• [INFORMATION PROVIDED]
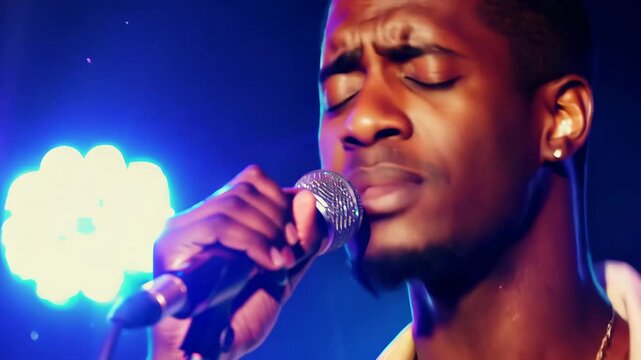 Closeup of Black male rapper gesturing while singing in microphone on stage with flashing lights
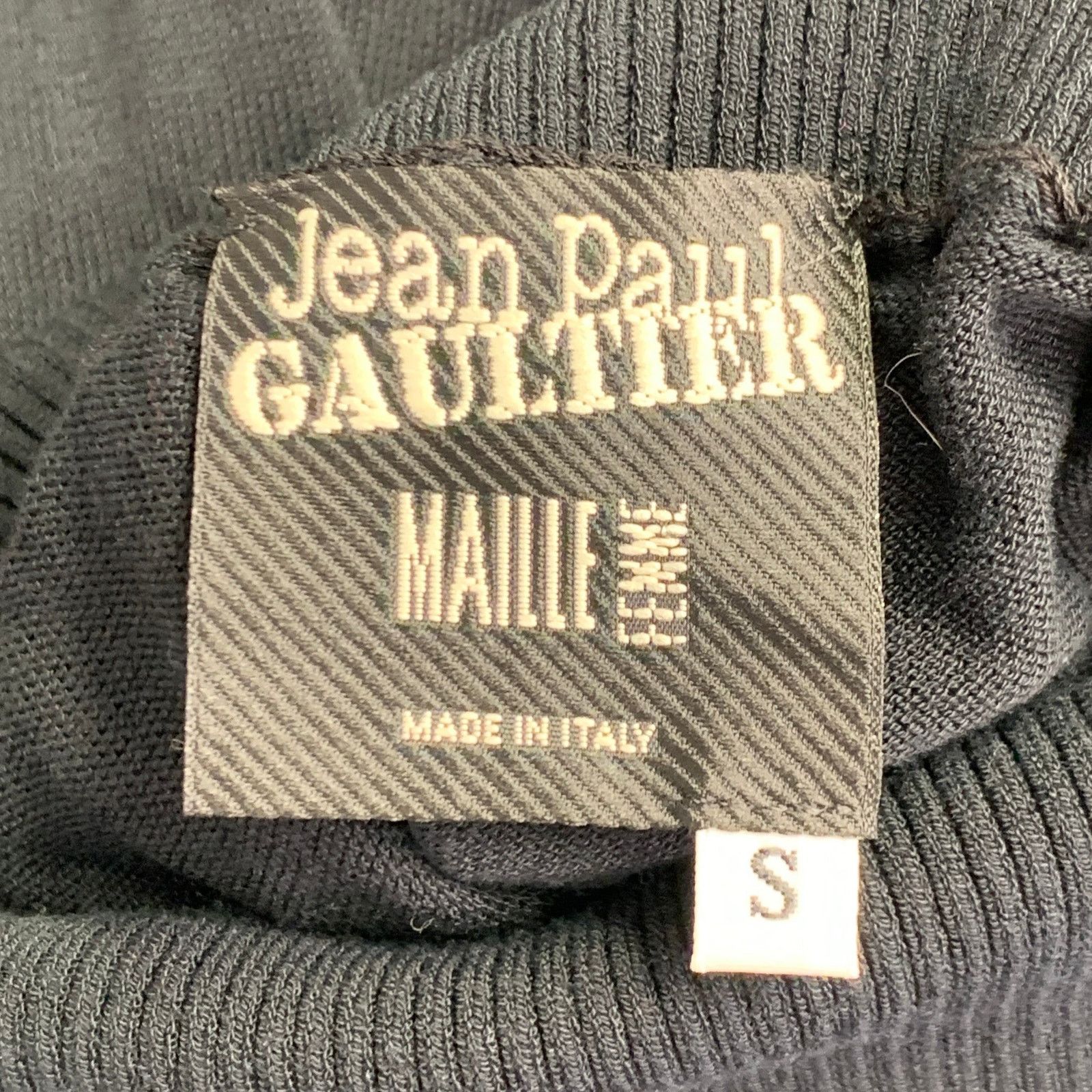 Jean Paul Gaultier JEAN PAUL GAULTIER Black Crochet Mixed Patterns Cowl Neck Size S / US 4 / IT 40 - 6 Thumbnail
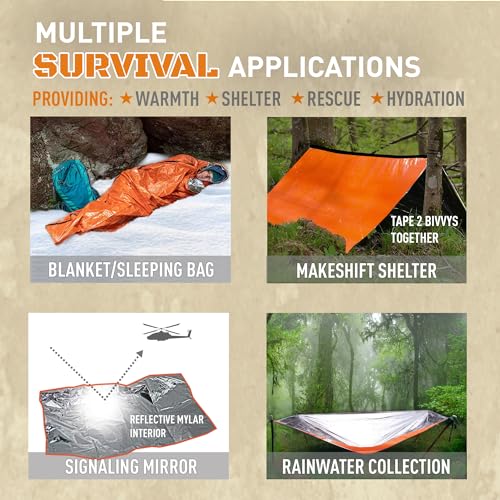 Emergency Survival Bivvy Sleeping Bag - Waterproof Mylar, Green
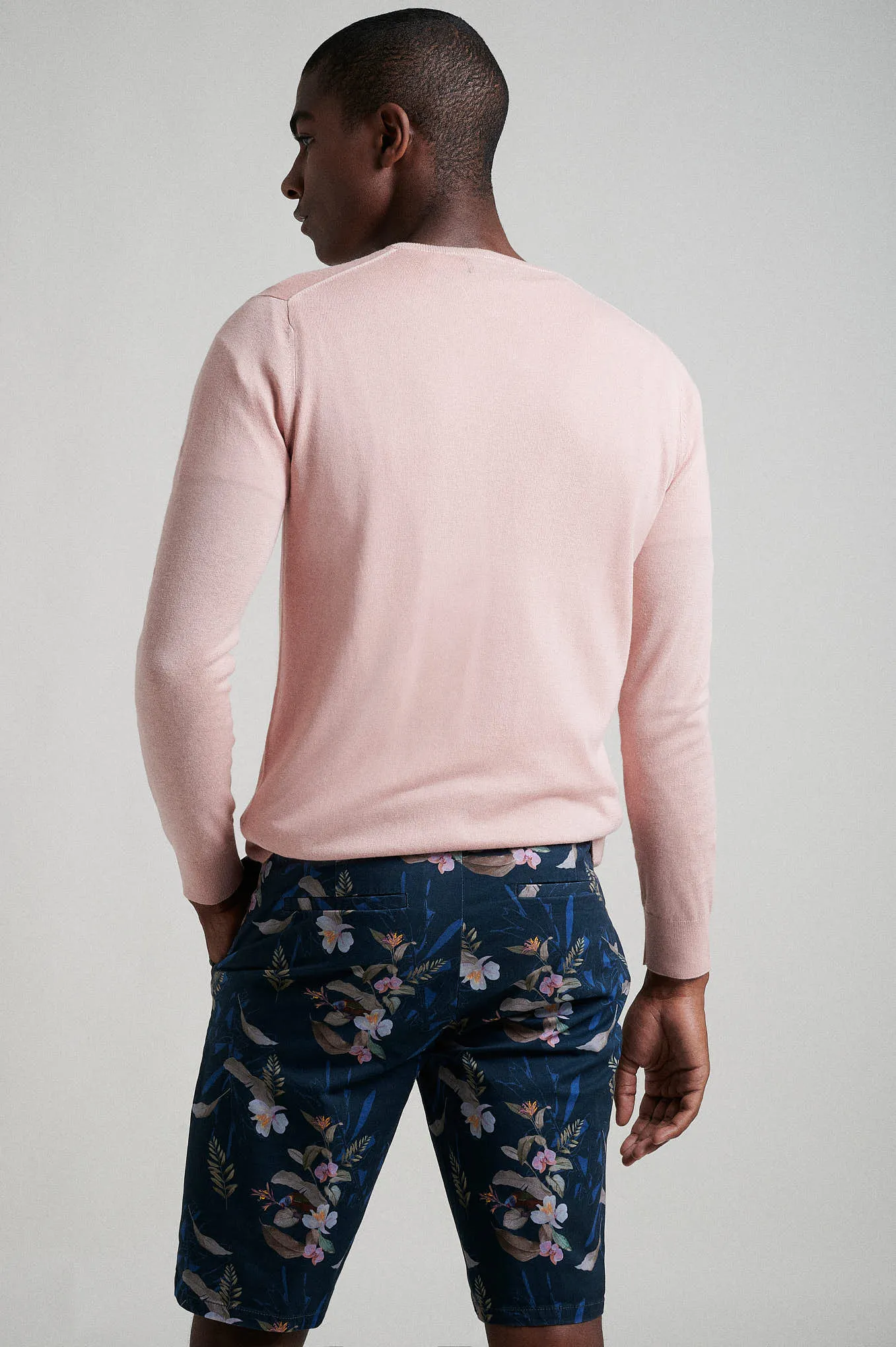 Crew neck cotton silk sweater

• [WHAT IS NEEDED] Print the data again word for word, pictures excluded.

• [ANSWER BOX]
 Closeup of Black male rapper gesturing while singing in microphone on stage with flashing lights
 Jean Paul Gaultier JEAN PAUL GAULTIER Black Crochet Mixed Patterns Cowl Neck Size S / US 4 / IT 40 - 6 Thumbnail
 Emergency Survival Bivvy Sleeping Bag - Waterproof Mylar, Green
 Crew neck cotton silk sweater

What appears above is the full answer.